Et les organismes, comme la Société française d’accompagnement et de soins palliatifs (SFAP) ou l’Association pour le droit de mourir dans la dignité (ADMD) ?
Les représentants respectifs de la SFAP et de l’ADMD sont venus et ont été auditionnés dans le cadre d’un débat contradictoire. Ce fut un moment très utile et de grande qualité : c’est d’ailleurs bien le propre d’une convention citoyenne que de permettre aux citoyens de se nourrir de ce type de confrontation de points de vue.
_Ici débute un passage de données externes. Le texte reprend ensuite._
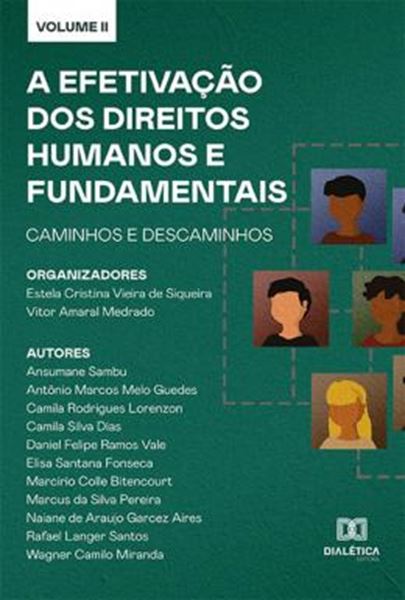 Picture of A EFETIVACAO DOS DIREITOS HUMANOS E FUNDAMENTAIS - CAMINHOS E DESCAMINHOS - VOL. 2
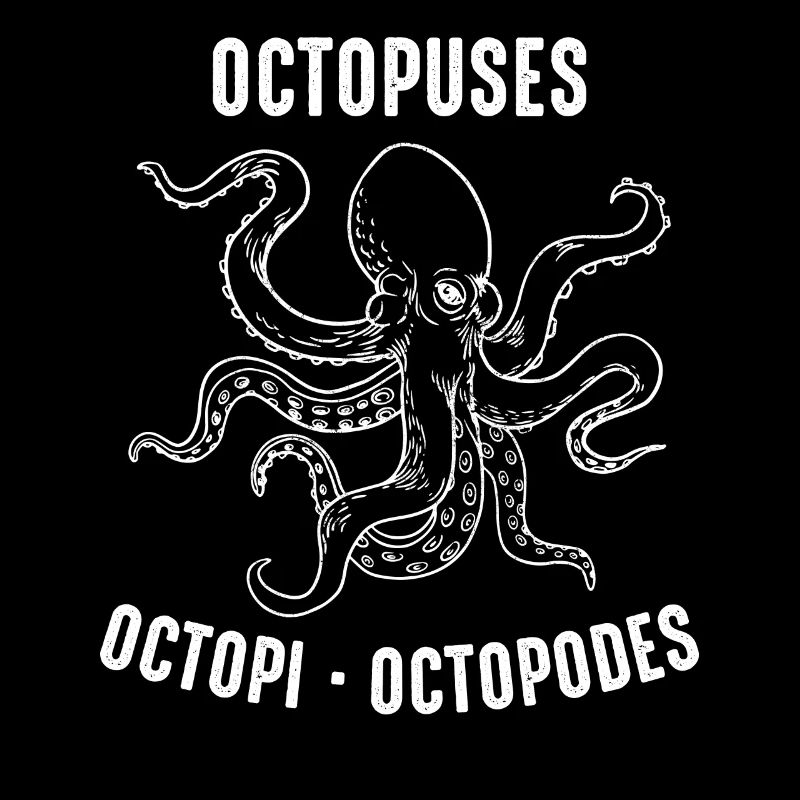 Octopus Octopus Cuttlefish Animal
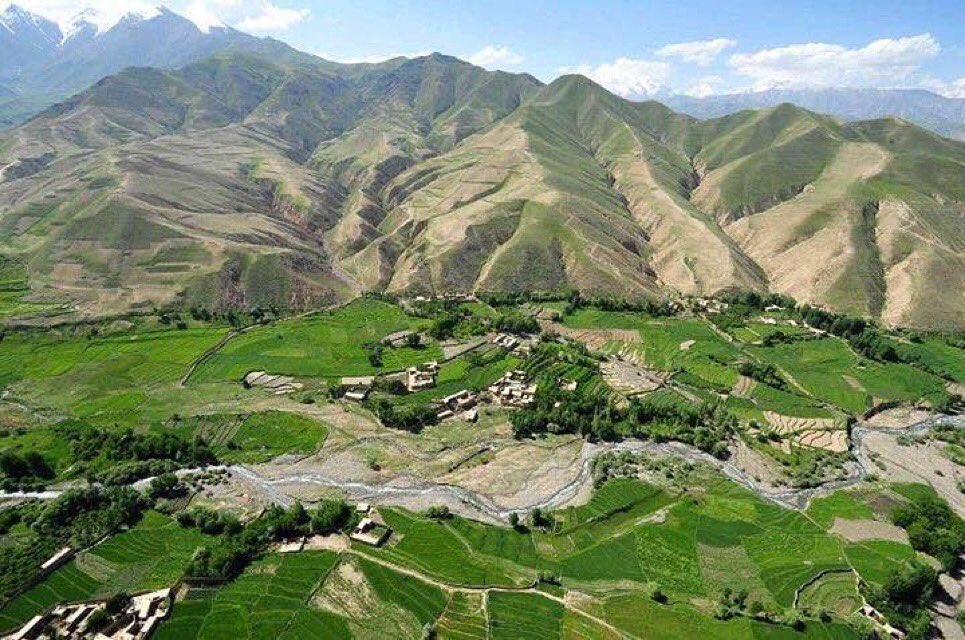 جبهه آزادی از کشته و زخمی شدن اعضای طالبان در یک حمله خبر داد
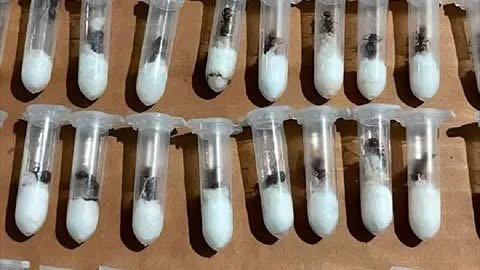 Descubren envío ilegal de hormigas reina ocultas en juguetes rumbo a Asia Descubren envío ilegal de hormigas reina ocultas en juguetes rumbo a Asia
Au final, les citoyens ont eu, nous ont-ils dit, le sentiment d’un vrai pluralisme, ils se sont sentis encadrés mais jamais orientés.

S’il ne se passait rien, ce serait alors un très mauvais coup.

Et maintenant ? Et surtout, que se passe-t-il s’il ne se passe rien ?
Il faut sans doute distinguer deux choses : qu’il ne se passe rien, ou que l’avis ne soit pas suivi n’appellerait pas les mêmes commentaires. Dans le second cas, on pourrait considérer que c’est le jeu démocratique. Mais que dire ? Le rapport est plutôt en écho avec les sondages. Lors de sa remise, le président de la République aurait pu se taire, juste remercier pour le travail accompli. Mais il a fait des annonces, aussi bien pour le développement des soins palliatifs que pour l’aide active à mourir en demandant au gouvernement de proposer un projet de loi à l’automne. Ce n’est pas rien.
Pour ma part, je n’imagine pas qu’il ne se passe rien. Quoi qu’il en soit, il sera important que l’exécutif revienne vers les citoyens, pour leur dire « voilà ce que nous avons fait de votre travail, voilà ce que l’on vous doit ». Faire preuve de redevabilité est essentiel surtout dans le moment de défiance à l’égard des institutions et des autorités que nous connaissons.
Mais pour revenir à votre question, s’il ne se passait rien, ce serait alors un très mauvais coup porté non seulement à l’enjeu de la discussion, à la fin de vie et aux conventions citoyennes.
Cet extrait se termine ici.